The traditional gas carburizing method uses a single liquid (such as kerosene) carburizing to control the surface carbon content and the depth of carburized layer by controlling the amount and time of dropping liquid. Therefore, the control accuracy is poor and the surface carbon content fluctuates greatly. Now the commonly used controlled carburizing method is carrier gas carburizing method, that is, the controlled atmosphere with stable composition and medium carbon potential is used as the carrier gas, which is introduced into the carburizing furnace at a large flow rate Then, the carbon potential of furnace gas and the quality of carburized layer can be accurately controlled by adjusting the flow rate of rich gas. The fluctuation of surface carbon content and layer depth can be controlled within 0.05% and + 0.1 mm respectively.
Because the air flow ratio is usually adjusted to adjust the fuel quantity. On the one hand, the change of atmosphere is sensitive to the air flow rate; on the other hand, when the fuel flow rate is adjusted, the risk of carbon black is high. In this experiment, the direct air flow rate (acetone flow rate is basically fixed) is used to realize the dynamic carbon potential control.

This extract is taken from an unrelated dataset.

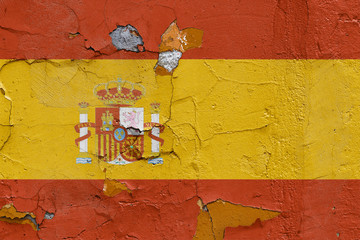 Spanish flag painted on a weathered concrete wall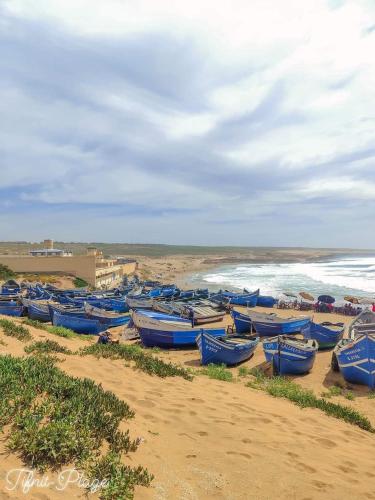 a bunch of blue boats sitting on the beach at Oasis TIFNIT Villa with Pool View No vis A vis in Draïd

The carbon potential of the furnace gas is the characterization of the carburizing ability of the furnace gas, which is related to the composition and temperature of the furnace gas. Its height reflects the strength of the carburizing ability of the furnace gas. The carbon potential control is to control the relative amount of the composition of the furnace gas. Under the temperature required by the process, the composition of the furnace gas is adjusted to reach the process set value with the carbon content on the surface of the workpiece In the international production test, we strengthen the monitoring of carbon potential, because of C02, HZO, CO, CH. 、H。 The actual carbon potential in the furnace will be affected by the partial pressure, furnace temperature, total pressure in the furnace, the flow rate of rich gas, the accuracy of CO analyzer and the quality of oxygen probe. However, at a certain temperature, the furnace gas consists of C0: 、 HZ0 、 C0 、 OZ 、 CH. There are seven kinds of reactants and products in the system, which are composed of C and H. According to the calculation formula of the degree of freedom of the system, only three gases are independent variables in the carburizing atmosphere of the seven substances, so the accurate control can be achieved by controlling the three gas components.
Four kinds of carburizing and quenching heating temperatures were selected in the experiment. The higher temperature is 980 ℃ carburizing + 860 ℃ quenching, but the hardness is lower. This is because of the high heating temperature, the high degree of austenite homogenization, the alloy elements fully dissolved in austenite, resulting in the decrease of temperature and the increase of retained austenite. The selection of carburizing and quenching temperature should take into account the microstructure changes of the core and the surface. If the temperature is too low, the microstructure transformation of the core is not complete, which is unfavorable to the properties of the core. The core temperature of the steel is about 810 ℃, so the best heating temperature for carburizing and quenching is 940 ℃ carburizing + 850 ℃ quenching. After quenching, the oil is cooled to 180 ~ 240 ℃, then air cooled for 5 h, and then tempered at 150 “–” 180 ℃ for 4 h. the surface hardness is hrc59.1, and the core hardness is hrc42.9, which can meet the requirements of use. Although there is still 17.4% retained austenite after final quenching and tempering, they have no adverse effect on the properties of the steel.